CHICAGO -- A large international study has shown for the first time that offering chemotherapy after surgery can modestly improve the survival of people with early-stage lung cancer. Even though the benefit is small, doctors say the finding is important, both because lung cancer is such a grim diagnosis and because it is so common. It is the No. 1 cancer killer, diagnosed in 1.2 million people around the world each year, and 85 per cent of victims die of the disease.
Chemotherapy after surgery is standard for treatment of breast and colon cancer. But until now, there has been no convincing evidence that it changes the course of lung cancer. Doctors do offer chemotherapy to patients, but the treatment is typically intended to ease symptoms rather than delay death.

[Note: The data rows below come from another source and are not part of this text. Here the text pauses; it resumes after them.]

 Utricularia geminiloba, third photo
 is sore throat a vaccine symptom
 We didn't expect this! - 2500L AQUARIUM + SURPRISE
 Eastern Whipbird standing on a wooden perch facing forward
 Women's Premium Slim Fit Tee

The latest study, released yesterday, suggests lung cancer patients do have another treatment option, if their tumours are found early and can be removed with surgery. A follow-up round of chemotherapy improves their survival by several months.

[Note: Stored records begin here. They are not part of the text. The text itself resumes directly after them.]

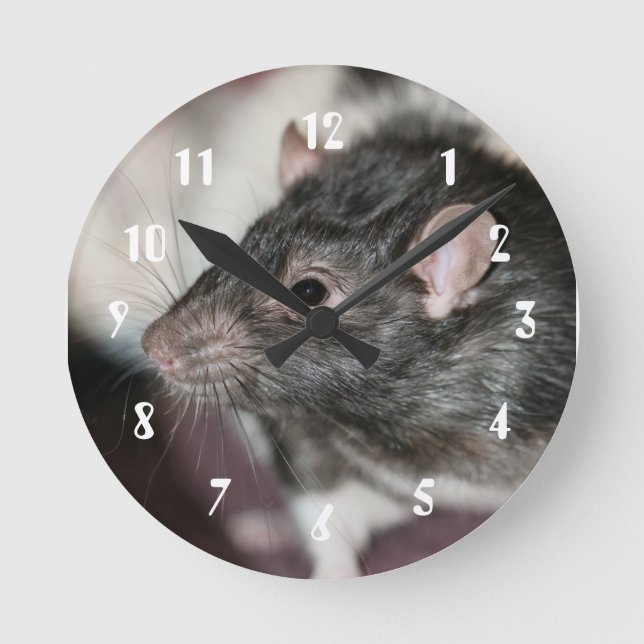 Horloge Ronde Rat (Recto)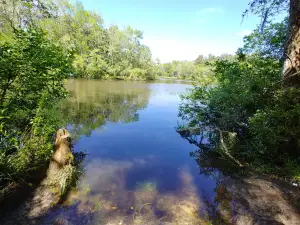 Biloxi River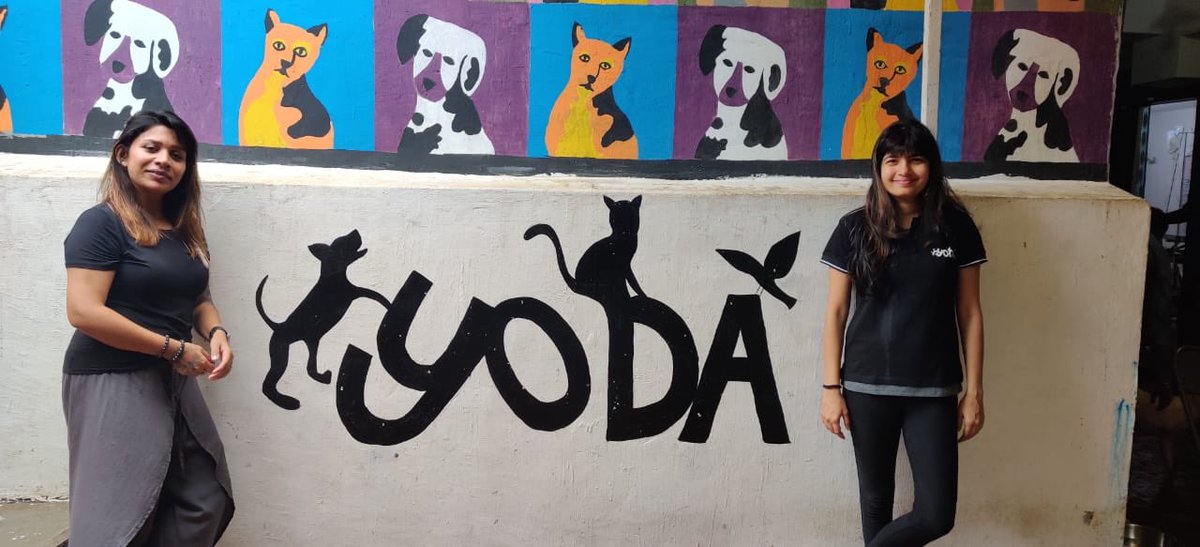 viacom18's tweet photo. It was a pawfect end to day 3 of #ViacommunityWeek for Team #Viacom18. Show some love and support to @Yodamumbai2 and be that #OneLessBozo https://t.co/vApcp3e5kS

Dr. Thierry Le Chevalier, who directed the study, said the results mean chemotherapy should be a routine option for patients who have surgery for early lung cancer.
"The benefit reported could prevent annually around 7,000 deaths worldwide," he said at a meeting in Chicago of the American Society of Clinical Oncology.
Several doctors agreed the results will have a major impact, although some questioned whether the change will be immediately embraced by all specialists.
"This will change the way lung cancer is treated," predicted society president, Dr. Paul Bunn, a lung cancer specialist at the University of Colorado.
Dr. Bruce Johnson of Harvard's Dana-Farber Cancer Institute said, "I will go home and discuss the study with patients and offer them this therapy."
However, Dr. Nassar Hanna of Indiana University noted that several smaller studies have tried and failed to prove that chemo does any good after lung cancer surgery.
"I don't think there will be an across-the-board change in practice, although many will be swayed," Hanna said.
The study was done on patients with non-small-cell lung cancer, by far the most common kind, which was confined to the lungs or had spread only to nearby lymph nodes. About a third of such patients are considered good candidates for surgery. Many cannot have surgery because they are not well enough to tolerate the operation, which typically takes out 20 per cent of the lung, or the disease has already spread to the lymph nodes in the neck and opposite side of the chest.
Doctors enrolled 1,867 patients at 148 hospitals in 33 countries. They were randomly assigned to get an operation alone or surgery plus chemotherapy. The treatment regimens included the drug cisplatin plus a variety of other standard chemotherapy medicines.
After five years, 45 per cent of patients getting chemotherapy were still alive, compared with 40 per cent of those getting only surgery. Average survival was 51 months for the chemotherapy patients and 44 months for the comparison group.
Cisplatin can have serious side-effects, including a drop in white blood cells that leaves patients open to infection.
Another study presented at the meeting yesterday raises the possibility that people taking cholesterol-lowering drugs to keep their hearts working smoothly may also lower their risk of cancer. Millions already take the drugs, called statins, and the latest work suggests they may be getting an unexpected benefit.